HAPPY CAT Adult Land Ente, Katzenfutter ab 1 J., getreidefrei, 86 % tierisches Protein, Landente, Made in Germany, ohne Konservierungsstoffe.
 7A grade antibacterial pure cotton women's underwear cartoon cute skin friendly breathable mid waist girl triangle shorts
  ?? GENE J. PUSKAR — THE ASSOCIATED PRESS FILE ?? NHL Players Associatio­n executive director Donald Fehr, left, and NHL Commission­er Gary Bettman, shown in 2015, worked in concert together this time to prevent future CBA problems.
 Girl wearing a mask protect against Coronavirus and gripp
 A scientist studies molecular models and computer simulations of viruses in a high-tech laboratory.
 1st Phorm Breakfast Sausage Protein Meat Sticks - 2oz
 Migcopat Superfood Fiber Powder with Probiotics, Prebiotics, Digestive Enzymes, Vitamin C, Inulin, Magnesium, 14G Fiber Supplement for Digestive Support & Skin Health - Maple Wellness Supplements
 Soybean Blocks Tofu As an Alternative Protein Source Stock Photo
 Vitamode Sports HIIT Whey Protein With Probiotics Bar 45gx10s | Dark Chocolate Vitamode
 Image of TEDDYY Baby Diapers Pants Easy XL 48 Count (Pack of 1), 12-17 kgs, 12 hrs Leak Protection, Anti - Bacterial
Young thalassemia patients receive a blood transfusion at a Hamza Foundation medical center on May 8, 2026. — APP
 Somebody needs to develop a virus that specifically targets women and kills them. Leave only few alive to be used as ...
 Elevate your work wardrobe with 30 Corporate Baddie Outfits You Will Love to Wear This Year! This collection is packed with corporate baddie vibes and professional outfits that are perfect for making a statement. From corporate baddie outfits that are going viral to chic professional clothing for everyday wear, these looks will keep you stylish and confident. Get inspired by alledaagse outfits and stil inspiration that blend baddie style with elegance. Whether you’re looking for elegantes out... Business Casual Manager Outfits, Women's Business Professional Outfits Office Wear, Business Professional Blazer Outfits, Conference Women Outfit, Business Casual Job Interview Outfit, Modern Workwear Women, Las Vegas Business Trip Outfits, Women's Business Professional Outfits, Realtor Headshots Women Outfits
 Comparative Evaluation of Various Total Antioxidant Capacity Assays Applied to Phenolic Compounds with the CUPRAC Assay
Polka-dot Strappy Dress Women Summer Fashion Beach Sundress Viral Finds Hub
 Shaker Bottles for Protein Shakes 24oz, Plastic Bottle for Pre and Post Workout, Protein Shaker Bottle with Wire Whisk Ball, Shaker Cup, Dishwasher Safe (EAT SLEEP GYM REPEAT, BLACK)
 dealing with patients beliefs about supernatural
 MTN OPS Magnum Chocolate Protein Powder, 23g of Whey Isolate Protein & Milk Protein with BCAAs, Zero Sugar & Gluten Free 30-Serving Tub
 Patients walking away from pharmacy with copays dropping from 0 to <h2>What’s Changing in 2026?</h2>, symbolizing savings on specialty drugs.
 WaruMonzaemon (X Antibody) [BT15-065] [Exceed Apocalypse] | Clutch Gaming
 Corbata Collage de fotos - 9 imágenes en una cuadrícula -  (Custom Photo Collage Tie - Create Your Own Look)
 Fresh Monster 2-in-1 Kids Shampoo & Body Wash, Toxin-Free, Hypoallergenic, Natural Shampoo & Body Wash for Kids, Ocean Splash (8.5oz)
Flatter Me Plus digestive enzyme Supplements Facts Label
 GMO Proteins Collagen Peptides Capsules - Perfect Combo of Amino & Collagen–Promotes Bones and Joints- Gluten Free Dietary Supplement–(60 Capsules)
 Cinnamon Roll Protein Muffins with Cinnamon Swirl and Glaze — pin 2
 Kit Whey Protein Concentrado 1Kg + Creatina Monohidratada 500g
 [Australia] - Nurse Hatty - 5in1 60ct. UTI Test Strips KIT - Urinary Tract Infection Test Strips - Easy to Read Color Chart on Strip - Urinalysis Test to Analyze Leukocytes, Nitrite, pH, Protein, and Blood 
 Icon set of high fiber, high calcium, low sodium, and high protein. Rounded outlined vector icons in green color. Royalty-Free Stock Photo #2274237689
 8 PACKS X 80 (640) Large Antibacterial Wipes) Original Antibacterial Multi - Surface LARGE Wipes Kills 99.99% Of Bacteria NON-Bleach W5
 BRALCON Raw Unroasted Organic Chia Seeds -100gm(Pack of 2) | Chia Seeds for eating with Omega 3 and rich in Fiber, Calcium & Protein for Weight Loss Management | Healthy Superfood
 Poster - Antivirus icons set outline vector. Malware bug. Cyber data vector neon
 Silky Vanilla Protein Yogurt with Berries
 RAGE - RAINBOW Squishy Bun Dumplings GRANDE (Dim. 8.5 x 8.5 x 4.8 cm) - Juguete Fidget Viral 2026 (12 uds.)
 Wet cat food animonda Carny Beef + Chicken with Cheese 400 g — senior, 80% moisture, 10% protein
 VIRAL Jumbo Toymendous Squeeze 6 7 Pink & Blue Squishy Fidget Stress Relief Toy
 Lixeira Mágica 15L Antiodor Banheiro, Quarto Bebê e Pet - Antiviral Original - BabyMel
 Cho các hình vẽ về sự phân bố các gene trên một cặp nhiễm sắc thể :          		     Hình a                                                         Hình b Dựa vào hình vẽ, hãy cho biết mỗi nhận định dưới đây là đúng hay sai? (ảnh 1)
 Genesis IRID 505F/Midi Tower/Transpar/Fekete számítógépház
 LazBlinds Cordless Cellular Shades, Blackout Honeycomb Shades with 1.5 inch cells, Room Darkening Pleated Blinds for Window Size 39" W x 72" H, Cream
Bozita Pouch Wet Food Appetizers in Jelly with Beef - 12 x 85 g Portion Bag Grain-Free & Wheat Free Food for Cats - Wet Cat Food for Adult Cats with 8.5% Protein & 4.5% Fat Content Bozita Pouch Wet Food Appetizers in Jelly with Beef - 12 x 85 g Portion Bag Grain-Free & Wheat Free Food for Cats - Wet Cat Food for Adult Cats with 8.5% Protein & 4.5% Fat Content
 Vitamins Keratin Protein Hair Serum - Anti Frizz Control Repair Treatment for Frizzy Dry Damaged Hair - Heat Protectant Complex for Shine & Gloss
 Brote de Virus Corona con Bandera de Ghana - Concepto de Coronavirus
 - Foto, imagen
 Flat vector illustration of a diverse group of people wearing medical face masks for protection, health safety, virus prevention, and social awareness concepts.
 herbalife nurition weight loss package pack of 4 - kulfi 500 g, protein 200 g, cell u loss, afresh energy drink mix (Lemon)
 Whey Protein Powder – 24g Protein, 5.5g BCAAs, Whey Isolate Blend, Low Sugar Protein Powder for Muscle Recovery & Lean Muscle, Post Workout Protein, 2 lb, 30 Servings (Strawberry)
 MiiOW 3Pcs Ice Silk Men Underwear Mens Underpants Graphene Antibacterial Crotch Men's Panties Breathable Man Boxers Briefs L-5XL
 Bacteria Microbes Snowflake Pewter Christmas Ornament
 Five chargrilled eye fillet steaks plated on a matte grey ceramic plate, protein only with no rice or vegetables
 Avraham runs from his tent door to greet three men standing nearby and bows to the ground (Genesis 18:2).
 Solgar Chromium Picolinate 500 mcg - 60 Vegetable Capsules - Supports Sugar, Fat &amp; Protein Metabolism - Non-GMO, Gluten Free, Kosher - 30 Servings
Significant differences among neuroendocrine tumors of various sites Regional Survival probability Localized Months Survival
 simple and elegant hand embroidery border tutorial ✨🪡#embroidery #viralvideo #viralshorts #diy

◆ ◆ ◆ ◆ ◆

From the records above, copy each line where the word "wearing" can be found.

 Girl wearing a mask protect against Coronavirus and gripp
 Flat vector illustration of a diverse group of people wearing medical face masks for protection, health safety, virus prevention, and social awareness concepts.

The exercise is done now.